Assigned task
From first line to last, give the records again word for word and omit the pictures.

[Given records — start]

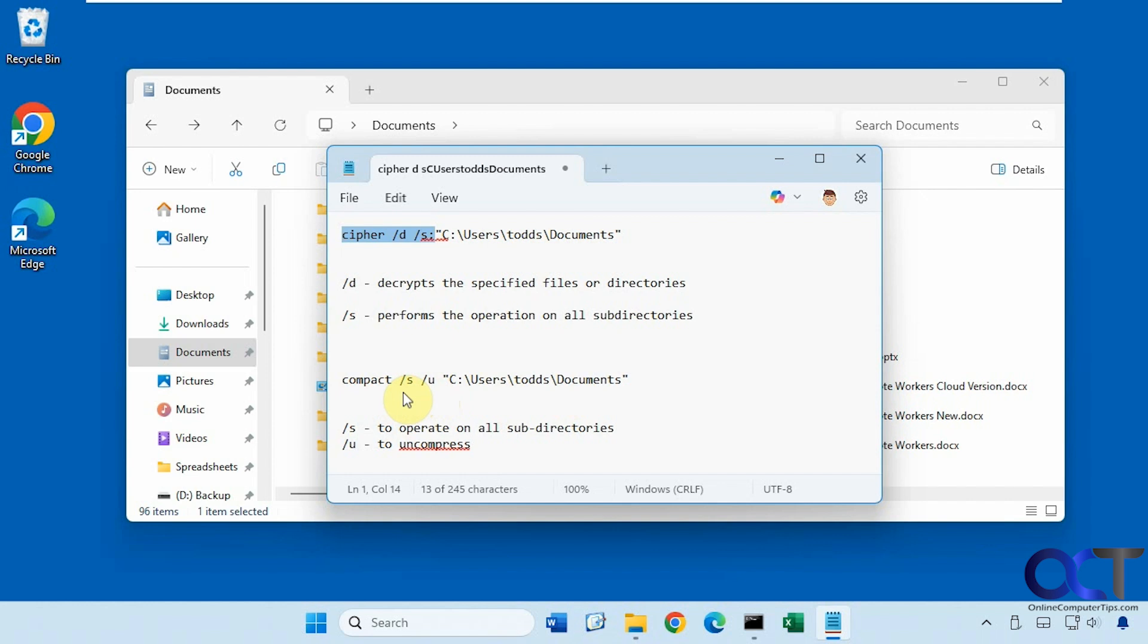So I'll put these commands in the description. Then you can just edit them on your own and try it out for yourself. All right. Thanks for watching and be sure to subscribe.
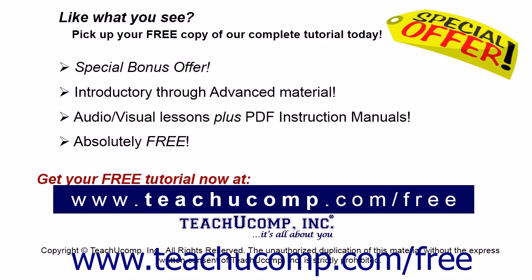Like what you see? Pick up your free copy of the complete tutorial at www.teachyoucomp.com forward slash free.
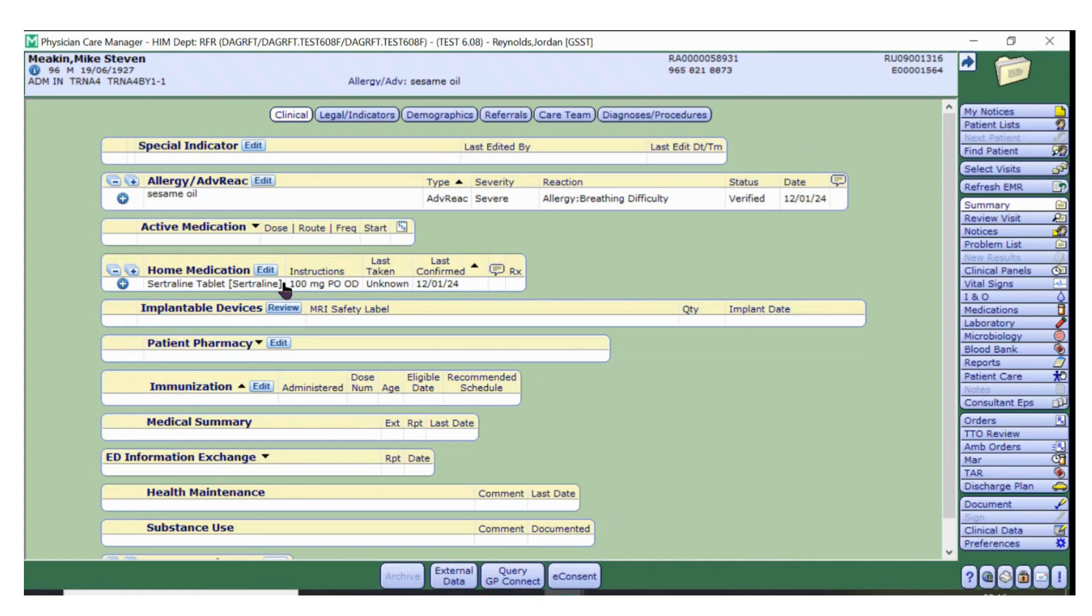This concludes the video on GP Connect. For further information on GP Connect, please refer to the GP Connect guides located on the hub. Thank you.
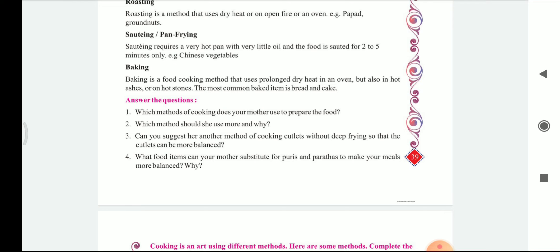The fourth question is: what food item can your mother substitute for puris and parathas to make your meal more balanced? Instead of puris and parathas, we can have roti and chapati. We can also have bhakri or rotelog.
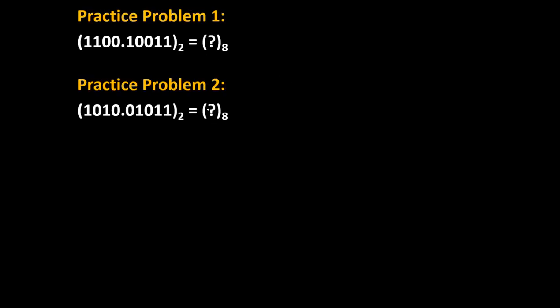Now here are some practice problems. Try to solve these problems and give your answer in comments. Thank you.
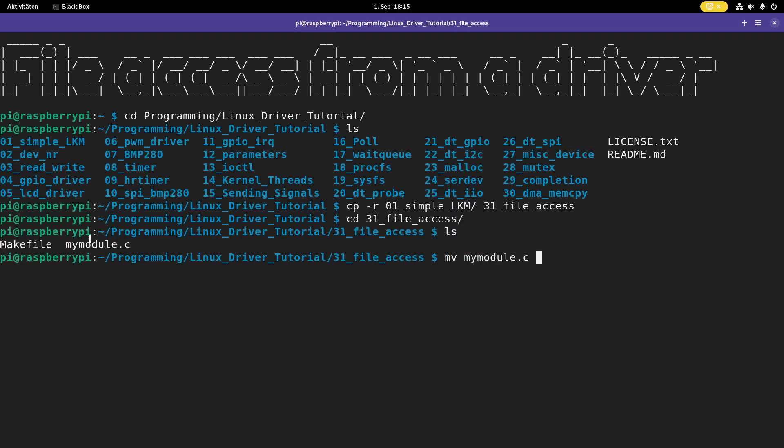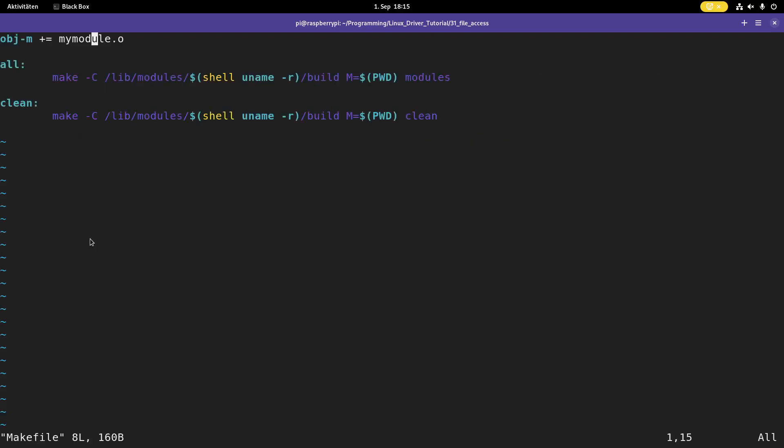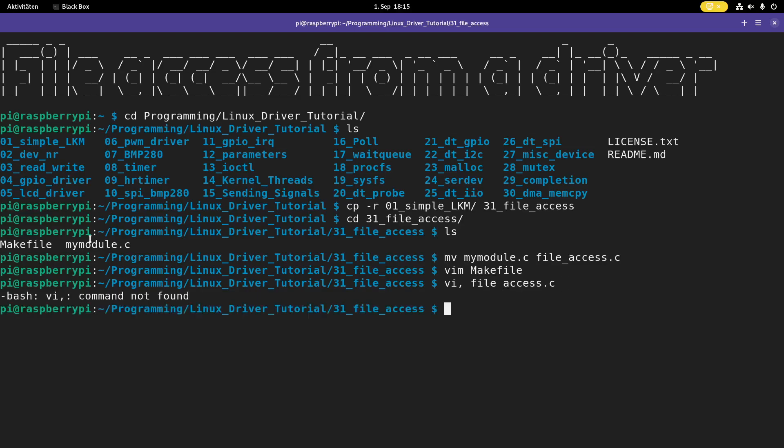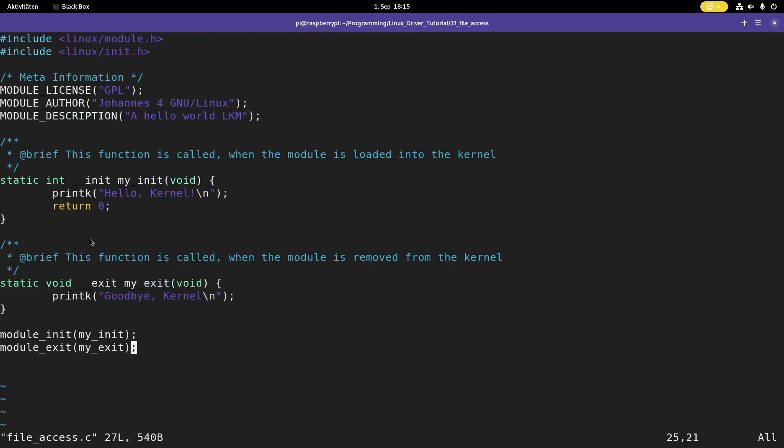So here we have a make file to build our kernel module and the source code for our kernel module. And I rename this to file access dot c. And of course I have to change this in the make file as well. File access dot o. So now let me open up the source file.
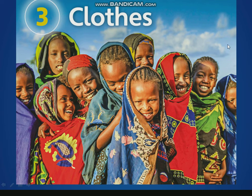Hello, my friends. We are on Chapter 3: Clothes. What are clothes in Portuguese? Clothes are roupas.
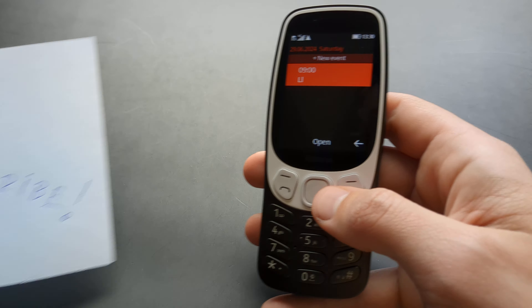And once you add some events, you can see the dates are underlined. So you can actually see that you have something planned on that day. You can open it and you will see that at 9 you have this event planned.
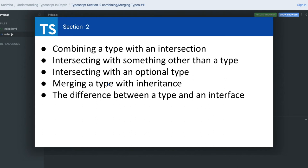We'll cover combining a type with intersections or merging different types into a single type, intersection with an optional type, merging a type with inheritance, the difference between type and interface, destructuring a type, and arrays.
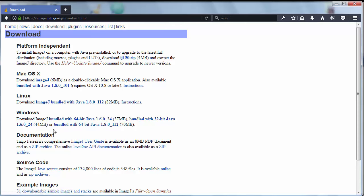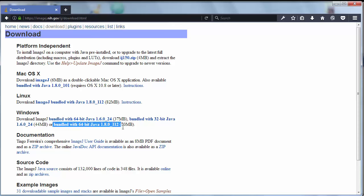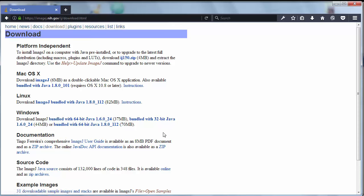The latest and most stable version is bundled with 64-bit Java version 8, but I'm gonna download this bundled with 32-bit Java version 6.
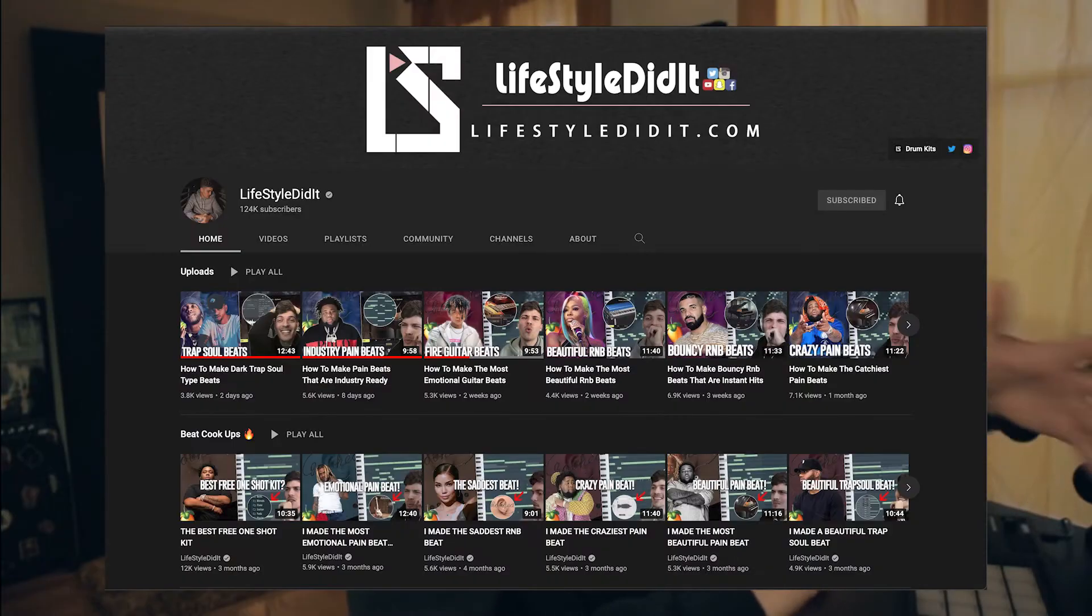I made this beat for another YouTuber's beat contest. His name is Lifestyle Did It. If you don't know who the guy is, I'll be linking his stuff in the description. Go check it out for yourself, but he's a great guy. I've been watching a lot of his content, very entertaining and at the same time educational when it comes to music production. With all this being said, let's move on to the project. Let's open Ableton Live and let's see what I did for the beat.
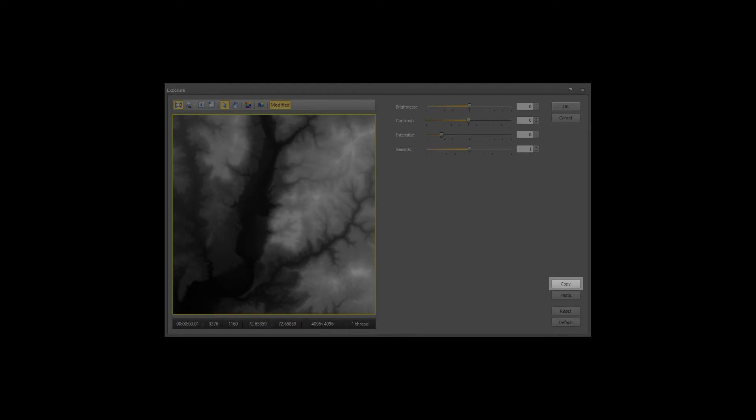The Copy button copies the current dialog values to the clipboard. The Paste button pastes the current dialog values from the clipboard.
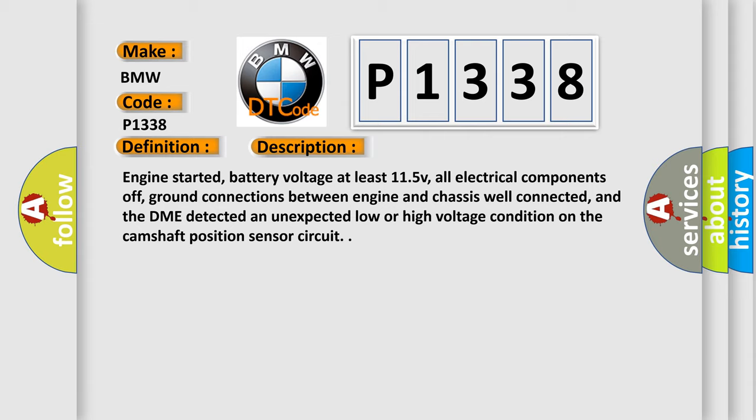Ground connections between engine and chassis well connected, and the DME detected an unexpected low or high voltage condition on the camshaft position sensor circuit.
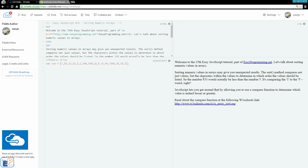So let's say we have the number 153 and the number 5. When you use just the sort method as is, it'll actually say that the number 153 is less than 5. And it's because it's comparing the 1, the first 1 here, to the 5. And 1 is less than 5 so it does it that way. So if you're familiar with how the ASCII sorting works, this is kind of similar.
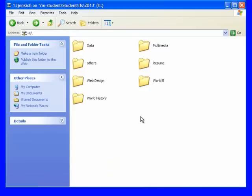Every file saved on the computer takes up space, and not all computers are built with a lot of memory, especially ones in schools and libraries.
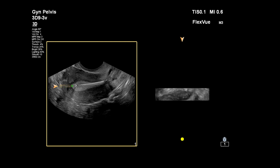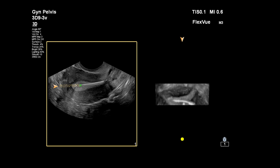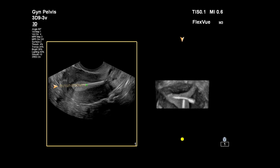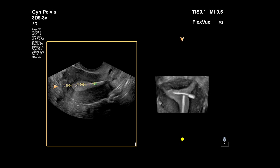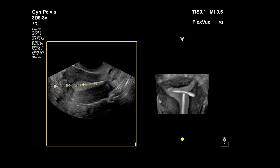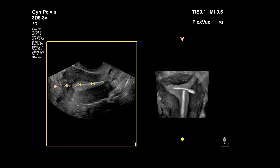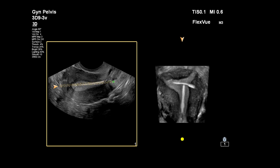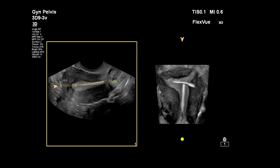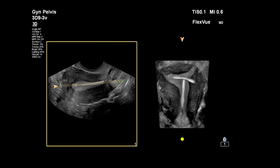As we cut through the longitudinal image of the uterus, the IUD appears, the endometrium appears, and the myometrium also in a perfect coronal plane.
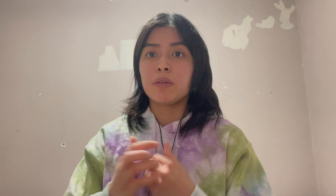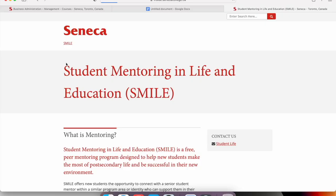Seneca College normally emails new students with information about what a SMILE mentor is and how to get one. You can either wait for that email or contact the student life email. Those are the 10 things every new Seneca College student should do to be successful and get organized. I hope that helped, and I will see you guys in another video — bye!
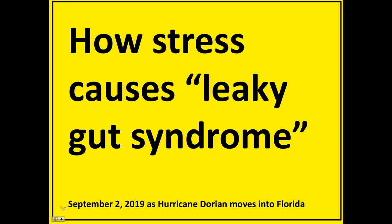This video is about how stress causes leaky gut syndrome, posted on September 2, 2019, as Hurricane Dorian moves into Florida. Certainly a stressful scenario for people in the Bahamas who are getting hammered right now, and the rest of the East Coast from Florida up through North Carolina. So what happens to the gut when you stress? I'm going to show you.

[Given records — finish]

Exercise output
So I'll put these commands in the description. Then you can just edit them on your own and try it out for yourself. All right. Thanks for watching and be sure to subscribe.
Like what you see? Pick up your free copy of the complete tutorial at www.teachyoucomp.com forward slash free.
This concludes the video on GP Connect. For further information on GP Connect, please refer to the GP Connect guides located on the hub. Thank you.
The fourth question is: what food item can your mother substitute for puris and parathas to make your meal more balanced? Instead of puris and parathas, we can have roti and chapati. We can also have bhakri or rotelog.
Now here are some practice problems. Try to solve these problems and give your answer in comments. Thank you.
So here we have a make file to build our kernel module and the source code for our kernel module. And I rename this to file access dot c. And of course I have to change this in the make file as well. File access dot o. So now let me open up the source file.
Hello, my friends. We are on Chapter 3: Clothes. What are clothes in Portuguese? Clothes are roupas.
And once you add some events, you can see the dates are underlined. So you can actually see that you have something planned on that day. You can open it and you will see that at 9 you have this event planned.
We'll cover combining a type with intersections or merging different types into a single type, intersection with an optional type, merging a type with inheritance, the difference between type and interface, destructuring a type, and arrays.
The latest and most stable version is bundled with 64-bit Java version 8, but I'm gonna download this bundled with 32-bit Java version 6.
I made this beat for another YouTuber's beat contest. His name is Lifestyle Did It. If you don't know who the guy is, I'll be linking his stuff in the description. Go check it out for yourself, but he's a great guy. I've been watching a lot of his content, very entertaining and at the same time educational when it comes to music production. With all this being said, let's move on to the project. Let's open Ableton Live and let's see what I did for the beat.
The Copy button copies the current dialog values to the clipboard. The Paste button pastes the current dialog values from the clipboard.
Ground connections between engine and chassis well connected, and the DME detected an unexpected low or high voltage condition on the camshaft position sensor circuit.
So let's say we have the number 153 and the number 5. When you use just the sort method as is, it'll actually say that the number 153 is less than 5. And it's because it's comparing the 1, the first 1 here, to the 5. And 1 is less than 5 so it does it that way. So if you're familiar with how the ASCII sorting works, this is kind of similar.
Every file saved on the computer takes up space, and not all computers are built with a lot of memory, especially ones in schools and libraries.
As we cut through the longitudinal image of the uterus, the IUD appears, the endometrium appears, and the myometrium also in a perfect coronal plane.
Seneca College normally emails new students with information about what a SMILE mentor is and how to get one. You can either wait for that email or contact the student life email. Those are the 10 things every new Seneca College student should do to be successful and get organized. I hope that helped, and I will see you guys in another video — bye!
This video is about how stress causes leaky gut syndrome, posted on September 2, 2019, as Hurricane Dorian moves into Florida. Certainly a stressful scenario for people in the Bahamas who are getting hammered right now, and the rest of the East Coast from Florida up through North Carolina. So what happens to the gut when you stress? I'm going to show you.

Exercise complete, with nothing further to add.